关于代码SS2D中的d_state设置

MzeroMiko / VMamba

VMamba: Visual State Space Models，code is based on mamba

MIT License

1.82k stars 98 forks source link

Open chenzean opened 1 month ago

chenzean commented 1 month ago

作者你好，我有几个问题想问：

我看您在v9版本中d_state设置为1。我很好奇作者为啥设置为1？矩阵A的维度不是和d_state有关吗，那这样的话矩阵A就变成[D,1]的维度，这样的是表示什么意思呢？
我想如果把d_state设置成H*W是不是就是注意力呢？
关于矩阵B和矩阵C的离散化,代码实现如下：而Mamba论文中的描述是：无法直观的对应起来，要如何去理解呢？

如果这些问题过于冒犯，我想说对不起，但还是很期待作者的回复，谢谢。

MzeroMiko commented 1 month ago

we assume that even if the dimension of hidden states is 1, B and C would capture the foreground information. Basically, d_state is set to 1 to gain more throughput.
yes, it will be more like transformer, except for the gate mechanism ($e^{A\Delta}$). you can refer to the arxiv paper https://arxiv.org/pdf/2401.10166v2 page 6 for more details. (just as I said, SSM is transformer, or transformer is SSM.)
you can refer to https://arxiv.org/pdf/2401.10166v2 the page 5 for detailed information with discretization.

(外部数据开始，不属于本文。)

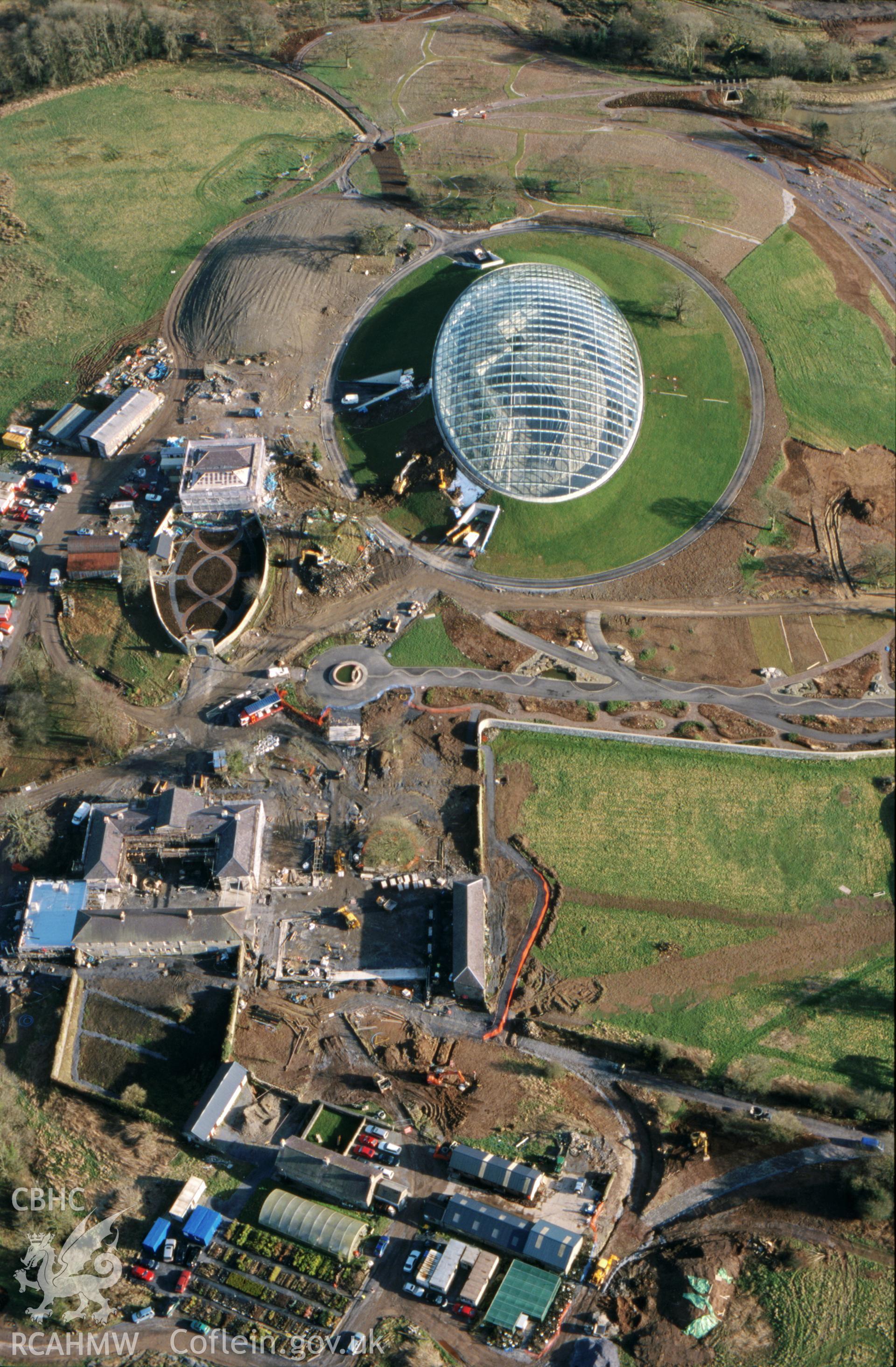 RCAHMW colour slide oblique aerial photograph of Glasshouse, National Botanic Gardens, Llanarthney, taken by T.G.Driver on the 21/02/2000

chenzean commented 1 month ago

感谢作者的回复，关于问题2和问题3我再去仔细阅读论文。但是我还有一个问题想问：不知道作者有没有做过关于d_state有关的消融实验？因为我直观的感觉这个d_state会控制记忆范围。(我对于d_state有关的理解可能存在错误，希望作者可以指出我的错误)。我依然期待作者的回复。非常感谢作者。

MzeroMiko commented 1 month ago

We finds that its the gate mechanism (w in the arxiv paper) which controls the memory range.
We did ablations about the hyperparameter dstate ssmratio mlpratio layer numbers initialization and so on，you can find corresponding code and configs files in the repo.

chenzean commented 1 month ago

作者，你好。我昨天又重新仔细阅读了一下您写的离散化公式(可能是我还没有彻底理解)，我对于您在一次线上的汇报中说然后我去对着公式看代码，但是我在这部分仍然还是无法对应起来，不知道作者能否指导一下呢？真的很期待作者能够回复，非常想将VMamba应用于我自己的研究领域中

MzeroMiko commented 1 month ago

Actually the discrezitation is in cuda code, while the code in python is just for the parameters peraparation.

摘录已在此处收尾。